Public art 40 000 years ago
Rock carvings Communication in public is not only a way of communicating to the rest of the society in real time but has also shown to be an important way of communicating through time for societies thousands of years later to understand their past as well as the evolution and history of mankind. Engravings and rock carving can today be called one of the oldest continuously practiced art forms. Techniques and expressions are unique to each culture, but we can also see the similarities that suggest that they had interaction.

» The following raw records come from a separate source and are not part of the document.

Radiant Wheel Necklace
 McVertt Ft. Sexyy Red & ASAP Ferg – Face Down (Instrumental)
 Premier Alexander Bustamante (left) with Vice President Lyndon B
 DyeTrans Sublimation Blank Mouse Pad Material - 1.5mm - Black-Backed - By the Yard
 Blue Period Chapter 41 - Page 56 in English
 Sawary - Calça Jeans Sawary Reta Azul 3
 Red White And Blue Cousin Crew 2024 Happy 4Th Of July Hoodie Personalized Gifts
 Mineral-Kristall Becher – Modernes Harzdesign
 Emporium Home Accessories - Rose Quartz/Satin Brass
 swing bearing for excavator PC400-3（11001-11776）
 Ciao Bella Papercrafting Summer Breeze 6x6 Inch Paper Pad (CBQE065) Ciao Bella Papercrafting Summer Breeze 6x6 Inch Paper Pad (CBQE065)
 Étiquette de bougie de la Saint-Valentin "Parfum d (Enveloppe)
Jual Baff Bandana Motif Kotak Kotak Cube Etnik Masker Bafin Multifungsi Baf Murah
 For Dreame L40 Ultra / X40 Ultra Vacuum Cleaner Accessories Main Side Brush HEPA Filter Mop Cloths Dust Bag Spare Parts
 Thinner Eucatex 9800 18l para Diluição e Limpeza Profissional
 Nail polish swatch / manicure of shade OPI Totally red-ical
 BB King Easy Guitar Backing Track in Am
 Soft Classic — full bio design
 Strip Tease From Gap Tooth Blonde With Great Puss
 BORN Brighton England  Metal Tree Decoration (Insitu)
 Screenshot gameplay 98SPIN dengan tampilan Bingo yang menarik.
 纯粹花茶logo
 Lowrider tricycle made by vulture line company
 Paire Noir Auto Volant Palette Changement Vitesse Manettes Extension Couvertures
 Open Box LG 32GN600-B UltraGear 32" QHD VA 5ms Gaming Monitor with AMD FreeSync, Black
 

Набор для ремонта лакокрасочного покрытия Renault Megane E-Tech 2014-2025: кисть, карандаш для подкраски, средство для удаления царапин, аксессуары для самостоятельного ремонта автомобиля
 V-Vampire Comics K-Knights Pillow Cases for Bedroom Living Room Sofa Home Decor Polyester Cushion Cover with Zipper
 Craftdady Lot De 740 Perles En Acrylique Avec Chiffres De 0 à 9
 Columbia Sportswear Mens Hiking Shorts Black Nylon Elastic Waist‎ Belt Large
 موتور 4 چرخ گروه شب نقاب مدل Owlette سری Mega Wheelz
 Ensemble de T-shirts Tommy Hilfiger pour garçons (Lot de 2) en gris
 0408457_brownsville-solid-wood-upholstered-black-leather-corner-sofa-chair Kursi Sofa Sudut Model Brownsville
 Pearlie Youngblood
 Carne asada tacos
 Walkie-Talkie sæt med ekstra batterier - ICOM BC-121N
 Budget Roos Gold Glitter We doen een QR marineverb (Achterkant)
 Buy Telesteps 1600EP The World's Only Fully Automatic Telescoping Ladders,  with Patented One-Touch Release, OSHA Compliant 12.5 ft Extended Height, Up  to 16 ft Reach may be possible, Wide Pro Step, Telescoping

Rock carvings in Tanum, in the north of Bohuslän, Sweden reveal the life and beliefs of people in Europe during the Bronze Age. A unique artistic achievement not only for their rich and varied motifs (depictions of humans and animals, weapons, boats and other subjects) but also for their cultural and chronological unity. They are recognized for their large numbers and outstanding quality.
According to Ancient Origins a study published in October 2014, in the journal Nature, revealed that more than 100 ancient paintings of hands and animals were found within seven limestone caves on the island of Sulawesi in Indonesia. The research showed that humans were producing rock art 40,000 years ago at opposite ends of the Pleistocene Eurasian world.
The fact that people in Sulawesi were producing art at the same time as people in Europe suggests that either human creativity emerged independently at about the same time around the world, or that when humans left Africa they already had the capacity and inclination for art.
Judaculla a large rock in the mountains of Jackson County, North Carolina lies in a sacred site for the Cherokee Indians. It is covered with petroglyphs. There are said to be 1500 in total estimated to between 3000 and 2000 BC. No other stones in the area were found with similar markings. The motives are said to span different motives including maps, religious and graffiti of ancient people.
The oldest rock art found in North America is said to be a set of petroglyphs in western Nevada dated to between 10,500 and 14,800 years old.
Carved into limestone the rock art includes simple petroglyphs such as straight lines and swirls and more complex resembling trees, flowers, or the veins of a leaf.
Tassili n'Ajjer has been described as the finest prehistoric open-air museum in the world, set in a vast plateau in the south-east of the Algerian Sahara at the borders of Libya, Niger and Mali. Covering 72,000 square kilometers paintings and engravings show climatic changes, animal migrations and the evolution of human life on the edge of the Sahara from 10,000 BC. It includes more than 15,000 paintings and engravings on exposed rock faces.